I'll start at the absolute low point possible; it only goes uphill from here, folks.










PDQ Bach in Houston: We Have a Problem!

PDQ Bach classics: he drops into the stage via a rope, plays the wine bottle with such virtuosity that he's in a stupor before the end of the designated piece, commentates on one of the great plays of the century, and drives the orchestra away from its seats in sheer terror. The most tragic waste of a Juilliard education in the history of music, Peter Schickele makes even Florence Foster Jenkins look good.


----------



## Pieck (Jan 12, 2011)

I was at a CD store and saw a DVD of Brendel plays Schubert.
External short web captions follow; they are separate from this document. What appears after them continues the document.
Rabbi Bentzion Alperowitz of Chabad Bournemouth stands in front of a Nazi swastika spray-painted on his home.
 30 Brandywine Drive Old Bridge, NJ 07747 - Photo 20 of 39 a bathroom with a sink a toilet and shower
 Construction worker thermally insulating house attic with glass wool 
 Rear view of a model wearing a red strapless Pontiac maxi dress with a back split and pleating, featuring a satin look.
Why would I buy it on DVD? Do I need to watch his fingers while listening to it?

I watched that today:








was an unique experience


----------



## Weston (Jul 11, 2008)

World Violist said:


> I'll start at the absolute low point possible; it only goes uphill from here, folks.


Now, let's not be too harsh. I confess while on the verge of dozing off I almost enjoyed the Unbegun Symphony the most on this disc. I even endured it a couple of times trying to figure out all the stolen -- I mean "borrowed" passages.


----------



## tdc (Jan 17, 2011)

I'm currently watching the DvD of St. Matthews Passion that came with my complete J.S. Bach on the Brilliant Classics label. 

Rogers Covey-Crump tenor (Evangelist)
Michael George bass (Christus)
Emma Kirkby soprano
Michael Chance alto
Martyn Hill tenor
David Thomas bass
Choir of King's College, Cambridge
Choir of Jesus College, Cambridge
Brandenburg Consort leader Roy Goodman
Stephen Cleobury


----------



## World Violist (May 31, 2007)

Brilliant document of Mitropoulos conducting a rehearsal... without a score.


----------